Only, Detective Ryan Kessler had heard the shots and raced into the store.

The hero…

“It wasn’t some crankhead from South East who shot me; it was your fucking hit man.”

Now emotion bled into Joanne’s voice. “I checked the police schedule a dozen times! Nobody was supposed to be nearby.”

“You were the one in charge?”

She sighed. Like me, she knew what was coming. “I was primary anchor on that one, yes.”

“The anchor gives the… what’d you call it? A shoot order?”

“We don’t call it that but I gave the order, yes.”

“And you also gave him the order to shoot me?”

Joanne started to speak but her voice choked to a stop. “We had to get our contractor out of there. I used a code. It means to use nonlethal force on an innocent. We never would have done it if you hadn’t been armed. But all of a sudden there you were.”

There was a crash, and I jumped at the sound. Maree had leapt to her feet and a wineglass and coffee cup had tumbled to the floor and shattered. She stepped forward and leaned into her sister’s face. Joanne looked down as Maree raged, “You go off on me because I end up with a boyfriend you don’t like. You say those terrible things about me, being irresponsible. And you…” Her voice choked. “You murdered people for a living!”
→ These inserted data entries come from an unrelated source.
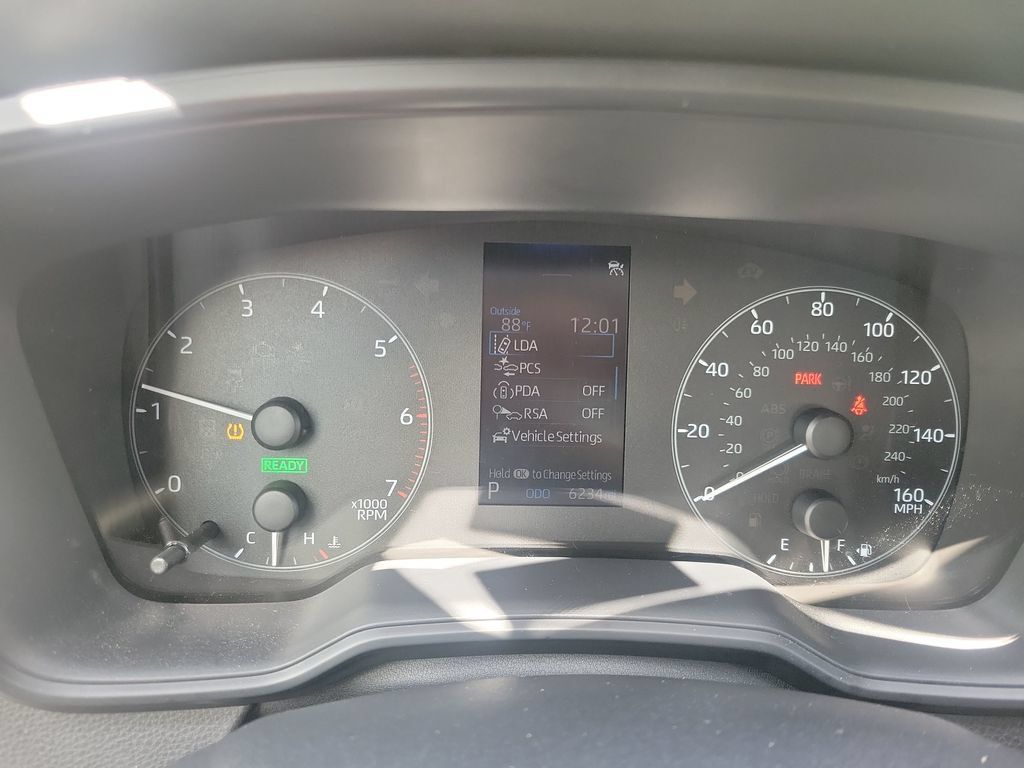 Certified 2024 Toyota Corolla LE FWD image 28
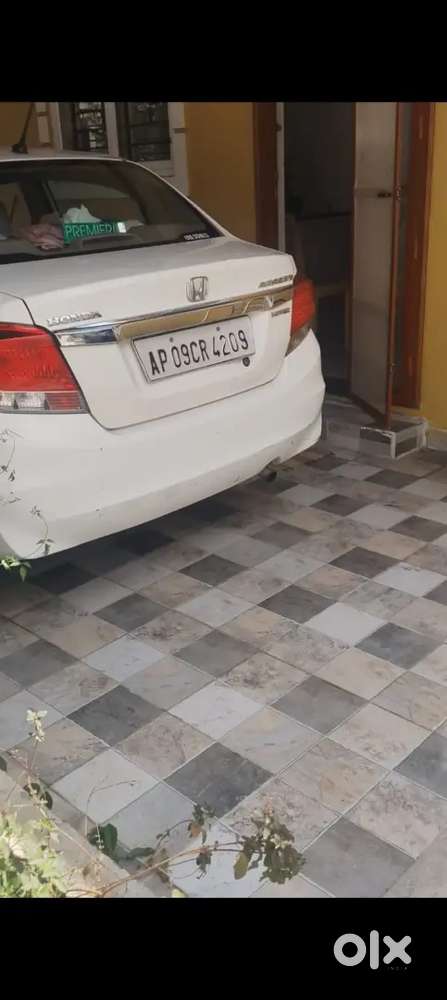 Honda Amaze 2013 Diesel 95000 Km Driven
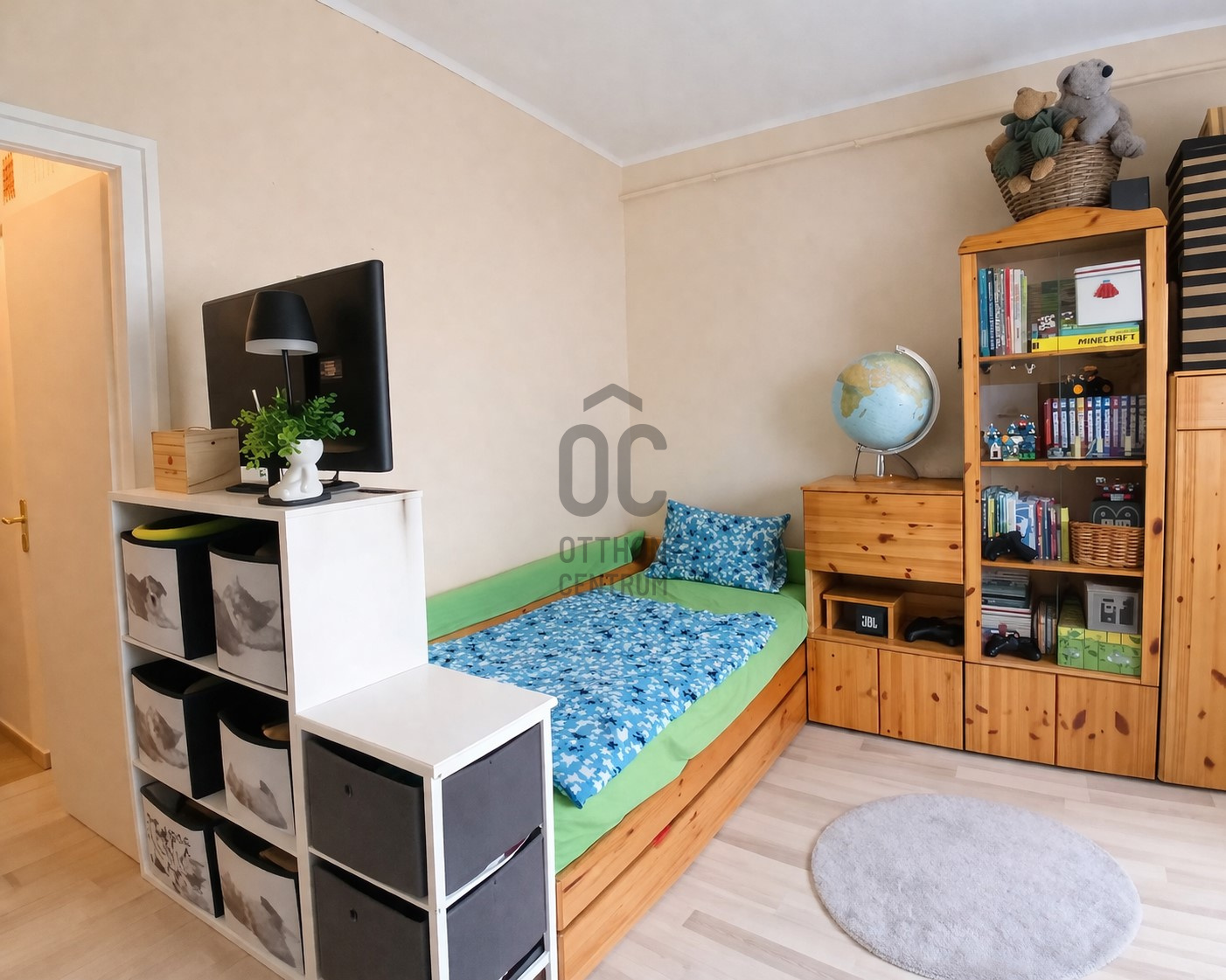Gallery zoom image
Joanne said nothing but looked away. I saw her fists were kneading and fingers white. Maree spun around and stomped up the hallway to the bedroom.

Ryan shook his head and said to Joanne, “I didn’t rescue you. I didn’t rescue anybody.”

“I… Oh, honey. A million times I tried to tell you. I-”

“So you went out with me for sympathy. Out of guilt.”

“No! I went out with you because I wanted to change. I wanted a real life, a normal life. I wanted you. You were good. You did the right thing! I couldn’t live with what my organization was doing anymore.” She moved her hand toward him. He eased away. He stepped into the kitchen, snagged the whiskey bottle that had been untouched for a day and vanished down the hall.

The bedroom door closed. Though I expected a slam, I knew it was shut only because the wedge of light faded to black. I didn’t hear so much as a latch click.